The capacity of the refrigeration device 7 is high enough for cooling the coolant cartridge 4 in the predetermined cooling capacity when the battery 10 is recharged.

The refrigeration arrangement 200 may have a plurality of refrigeration devices 7. Thus, plurality of coolant cartridges 4 can be cooled simultaneously for use in plurality of mining machines 1. According to an idea, all of the plurality of refrigeration devices 7 and the coolant cartridges 4 are identical. Thus, any of the plurality of refrigeration devices 7 is able to receive a coolant cartridge 4 from any of the plurality of mining machines 1, and any of the coolant cartridges 4 may be arranged in any of the plurality of mining machines 1.

In summary, the battery 10 may be cooled by method that includes steps of:

cooling the coolant cartridge 4 in the refrigeration device 7,

removing the coolant cartridge 4 from the refrigeration device 7 and arranging it in the coolant cartridge receiver 3 in the mining machine 1,

transferring heat energy created by the function of the battery 10 to the coolant cartridge 4 over the coolant cartridge receiver 3,

thus storing the heat energy in the coolant cartridge 4 by adding heat energy contained therein,

removing the heated coolant cartridge 4 and heat energy stored therein from the coolant cartridge receiver 3, and

arranging the heated coolant cartridge 4 in the refrigeration device 7 for re-cooling.

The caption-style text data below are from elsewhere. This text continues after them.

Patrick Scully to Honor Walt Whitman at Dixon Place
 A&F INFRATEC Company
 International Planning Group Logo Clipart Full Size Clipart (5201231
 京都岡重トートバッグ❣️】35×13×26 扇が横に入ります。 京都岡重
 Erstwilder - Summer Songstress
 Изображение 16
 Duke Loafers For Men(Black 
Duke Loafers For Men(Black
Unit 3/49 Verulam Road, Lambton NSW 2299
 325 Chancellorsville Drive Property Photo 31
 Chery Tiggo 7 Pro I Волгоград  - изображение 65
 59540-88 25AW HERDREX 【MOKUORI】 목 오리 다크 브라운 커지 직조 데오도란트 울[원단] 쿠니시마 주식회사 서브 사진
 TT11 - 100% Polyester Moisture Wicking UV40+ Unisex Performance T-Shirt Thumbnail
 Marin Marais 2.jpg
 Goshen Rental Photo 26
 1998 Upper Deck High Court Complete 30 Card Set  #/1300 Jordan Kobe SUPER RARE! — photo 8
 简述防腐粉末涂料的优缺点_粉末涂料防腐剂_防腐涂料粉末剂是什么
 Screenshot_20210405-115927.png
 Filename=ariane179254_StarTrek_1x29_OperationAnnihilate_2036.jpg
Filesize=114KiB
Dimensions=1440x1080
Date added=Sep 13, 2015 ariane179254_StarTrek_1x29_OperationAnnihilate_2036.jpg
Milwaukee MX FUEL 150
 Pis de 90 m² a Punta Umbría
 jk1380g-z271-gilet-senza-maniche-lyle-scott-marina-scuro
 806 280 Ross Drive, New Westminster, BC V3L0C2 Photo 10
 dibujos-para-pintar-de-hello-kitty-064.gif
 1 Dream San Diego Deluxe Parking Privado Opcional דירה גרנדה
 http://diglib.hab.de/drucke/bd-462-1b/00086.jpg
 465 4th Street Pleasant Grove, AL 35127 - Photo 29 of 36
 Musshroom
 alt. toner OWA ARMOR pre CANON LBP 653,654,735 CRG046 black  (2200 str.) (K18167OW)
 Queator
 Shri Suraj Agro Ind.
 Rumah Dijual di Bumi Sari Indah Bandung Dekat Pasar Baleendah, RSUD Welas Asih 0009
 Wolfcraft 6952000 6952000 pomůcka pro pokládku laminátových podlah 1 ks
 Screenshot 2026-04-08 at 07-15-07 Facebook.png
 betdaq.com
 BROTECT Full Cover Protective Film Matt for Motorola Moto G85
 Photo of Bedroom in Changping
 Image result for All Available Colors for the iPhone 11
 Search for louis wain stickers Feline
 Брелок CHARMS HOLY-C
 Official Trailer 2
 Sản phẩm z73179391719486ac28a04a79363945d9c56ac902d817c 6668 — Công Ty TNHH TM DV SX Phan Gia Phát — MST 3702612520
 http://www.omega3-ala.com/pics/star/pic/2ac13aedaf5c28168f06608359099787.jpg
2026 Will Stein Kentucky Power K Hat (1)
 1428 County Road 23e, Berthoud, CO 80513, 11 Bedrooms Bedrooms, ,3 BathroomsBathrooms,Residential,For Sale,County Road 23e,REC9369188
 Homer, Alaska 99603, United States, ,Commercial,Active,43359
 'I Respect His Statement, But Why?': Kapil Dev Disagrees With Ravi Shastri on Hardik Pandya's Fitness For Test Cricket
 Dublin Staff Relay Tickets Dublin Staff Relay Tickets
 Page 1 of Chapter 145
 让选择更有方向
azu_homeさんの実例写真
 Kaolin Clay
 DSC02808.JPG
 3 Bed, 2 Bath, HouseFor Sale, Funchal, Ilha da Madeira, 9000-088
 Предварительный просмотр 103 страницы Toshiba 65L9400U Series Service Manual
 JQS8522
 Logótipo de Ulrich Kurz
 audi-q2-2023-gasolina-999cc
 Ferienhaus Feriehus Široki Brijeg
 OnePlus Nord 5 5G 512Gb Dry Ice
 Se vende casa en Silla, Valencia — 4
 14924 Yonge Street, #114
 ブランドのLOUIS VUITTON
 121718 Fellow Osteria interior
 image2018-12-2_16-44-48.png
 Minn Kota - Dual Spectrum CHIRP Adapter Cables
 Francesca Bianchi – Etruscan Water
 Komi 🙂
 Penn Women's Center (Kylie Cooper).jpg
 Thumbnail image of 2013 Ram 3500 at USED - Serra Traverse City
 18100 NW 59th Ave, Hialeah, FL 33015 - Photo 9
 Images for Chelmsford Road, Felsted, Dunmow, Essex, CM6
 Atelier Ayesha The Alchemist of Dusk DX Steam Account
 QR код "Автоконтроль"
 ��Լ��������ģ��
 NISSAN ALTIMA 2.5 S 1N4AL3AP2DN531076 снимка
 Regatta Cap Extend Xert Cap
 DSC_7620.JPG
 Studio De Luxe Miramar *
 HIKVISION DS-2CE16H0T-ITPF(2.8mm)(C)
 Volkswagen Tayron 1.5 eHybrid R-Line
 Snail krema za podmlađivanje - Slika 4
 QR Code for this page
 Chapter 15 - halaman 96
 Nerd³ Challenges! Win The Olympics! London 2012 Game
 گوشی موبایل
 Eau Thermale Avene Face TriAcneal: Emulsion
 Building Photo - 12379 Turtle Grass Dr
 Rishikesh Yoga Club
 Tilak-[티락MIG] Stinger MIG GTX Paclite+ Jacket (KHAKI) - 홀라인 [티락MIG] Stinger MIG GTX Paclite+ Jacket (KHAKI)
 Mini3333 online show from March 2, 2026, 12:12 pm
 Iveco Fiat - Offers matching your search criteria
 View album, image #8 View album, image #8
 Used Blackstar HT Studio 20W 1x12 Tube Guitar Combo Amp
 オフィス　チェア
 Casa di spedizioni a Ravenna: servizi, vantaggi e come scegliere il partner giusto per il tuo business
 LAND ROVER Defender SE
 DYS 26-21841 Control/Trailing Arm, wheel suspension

The invention is not limited solely to the embodiments described above, but instead many variations are possible within the scope of the inventive concept defined by the claims below. Within the scope of the inventive concept the attributes of different embodiments and applications can be used in conjunction with or replace the attributes of another embodiment or application.

The drawings and the related description are only intended to illustrate the idea of the invention. The invention may vary in detail within the scope of the inventive idea defined in the following claims.

Claims

1. A battery cooling system of an electric mining machine, comprising:

fluid lines arranged to communicate with a battery to be cooled for transferring heat energy from the battery to coolant within the fluid lines;

a coolant cartridge receiver; and

a coolant cartridge having a capacity for receiving and storing heat energy, the coolant cartridge being removably arrangeable in the coolant cartridge receiver, wherein the fluid lines are connected to the coolant cartridge receiver for transferring heat energy from the coolant within the fluid lines to the coolant cartridge arranged in the coolant cartridge receiver.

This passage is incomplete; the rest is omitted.